PUMPKIN FRANGELICO CHEESECAKE
Crust:
1-1/2 cups ground gingersnaps
2 tablespoons sugar
2 tablespoons melted butter
1/4 cup chopped hazelnuts
Filling:
3 8-ounce packages cream cheese
3/4 cup sugar
4 eggs
2 cups sour cream
1/2 cup Frangelico liqueur
4 tablespoons melted butter
3/4 cup pumpkin
1/2 teaspoon cinnamon
1/4 teaspoon ground clove
1/4 teaspoon allspice
1 teaspoon vanilla
Topping:
1 cup sour cream
2 tablespoons Frangelico
- Crust: Combine gingersnap crumbs with sugar and butter, blend thoroughly.
- Line bottom of 9-inch spring-form pan with crumbs.

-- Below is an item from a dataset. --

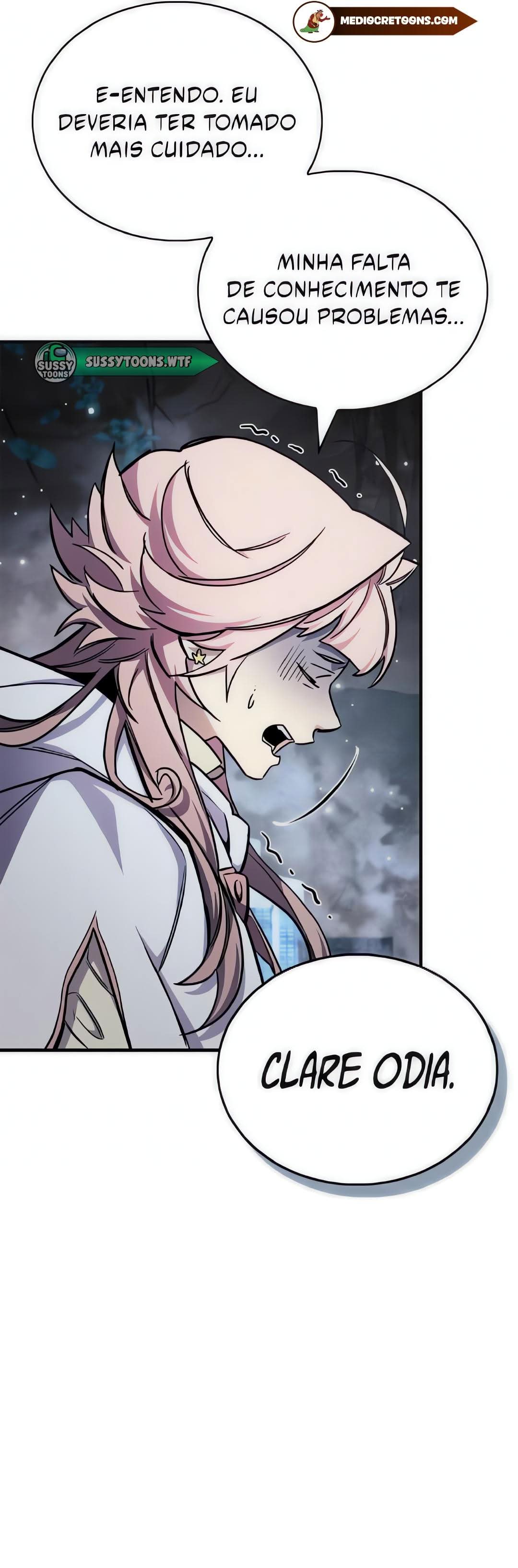 Read O Jogador Que Esconde seu Passado PT Manga Online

- Sprinkle crust with hazelnut crumbs.
- Chill while preparing other ingredients.
- Filling: In a mixer bowl, beat cream cheese and sugar until fluffy.
- Add eggs, one at a time, beating well after each addition.
- Blend first cup of sour cream, the 1/2-cup Frangelico, the 4 tablespoons butter and the vanilla.
- Pour into prepared crust.
- Bake at 325 degrees for 65 minutes or just until set.
- Turn off oven and let cake remain in cooling oven for 1/2 hour.
- Topping: Stir together sour cream and Frangelico, spread over cheesecake.
- Return to oven for 3 minutes.
- Cool, then cover and chill.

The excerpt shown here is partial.